Leave every picture out, and give again exactly the lines from the one containing "Rituel pour cheveux" through the end of the listing.

━━━━

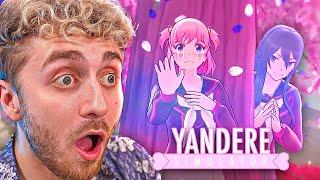 CETTE FILLE EST COMPLETEMENT FOLLE (Yandere Simulator 1980 #1)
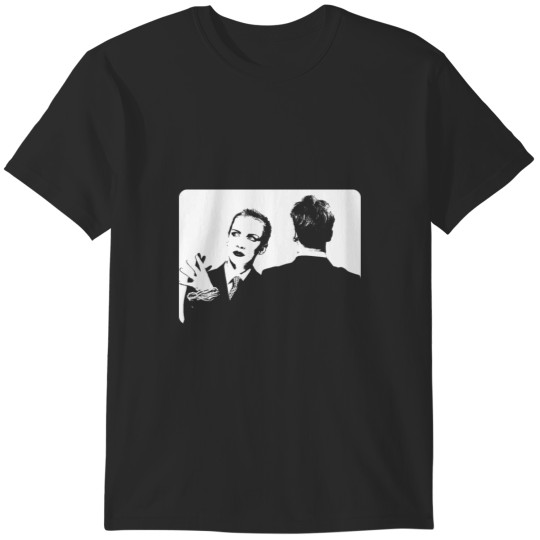 Discover Eurythmics T-shirt (Version 3)
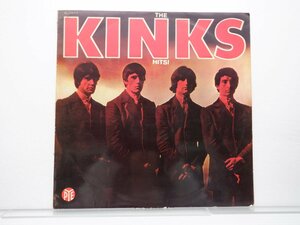 The Kinks(キンクス)「The Kinks Hits!(ザ・キンクス・ヒット！)」LP（12インチ）/Pye Records(SL-1194-Y)/Rock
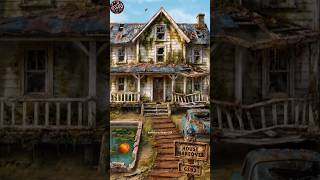 Abandoned House Makeover 😍 | Satisfying Cleaning & Restoration ASMR #shorts USA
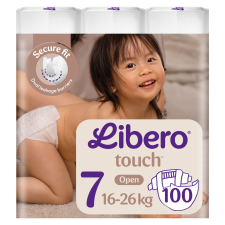 Libero Touch Nadrágpelenka 16-26kg Junior 7 (100db) pelenka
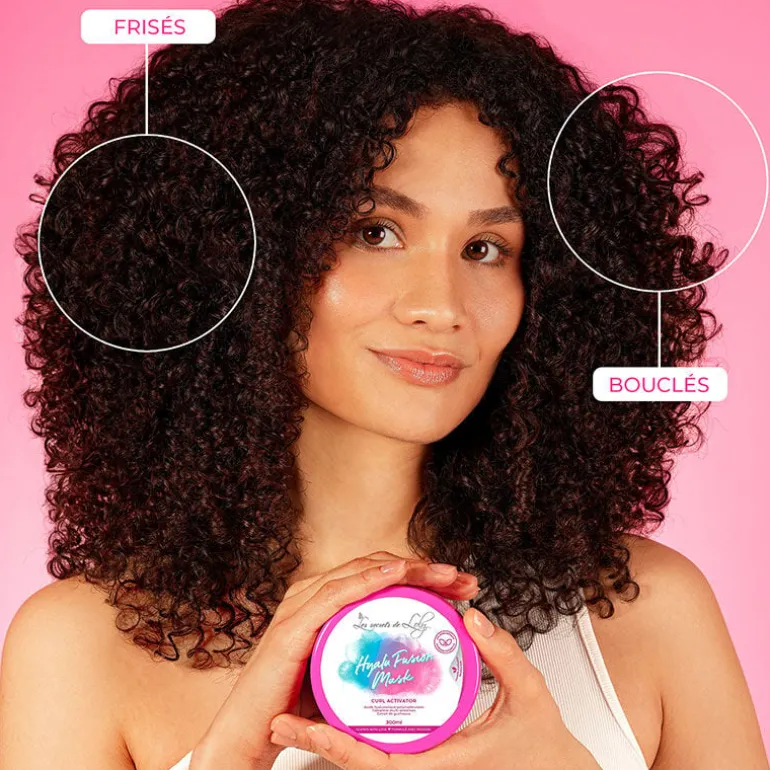 Rituel pour cheveux multi-texturés ondulés bouclés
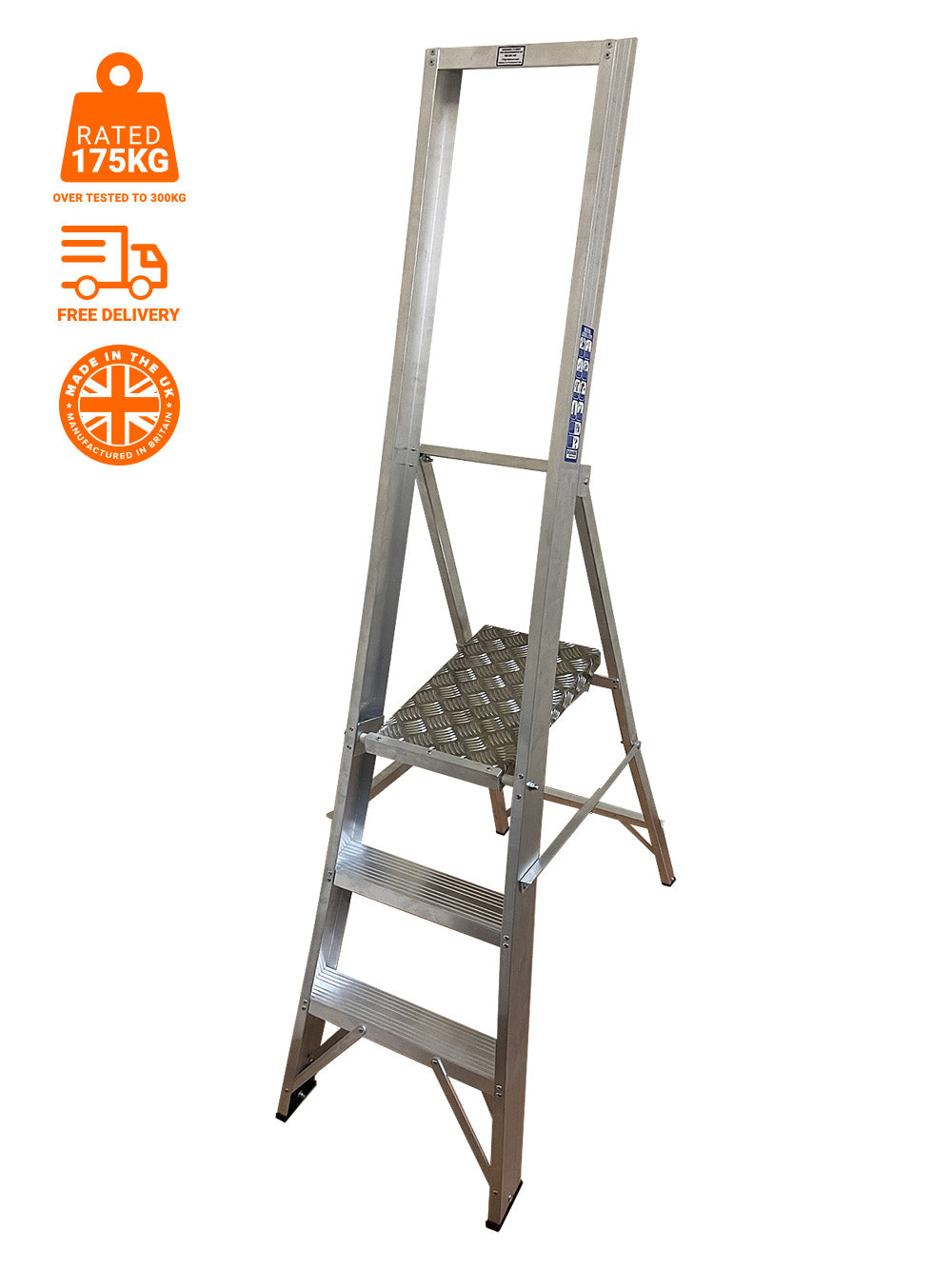 TALL-A-STEP Folding Platform Steps image 0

━━━━

> [Response]
 Rituel pour cheveux multi-texturés ondulés bouclés
 TALL-A-STEP Folding Platform Steps image 0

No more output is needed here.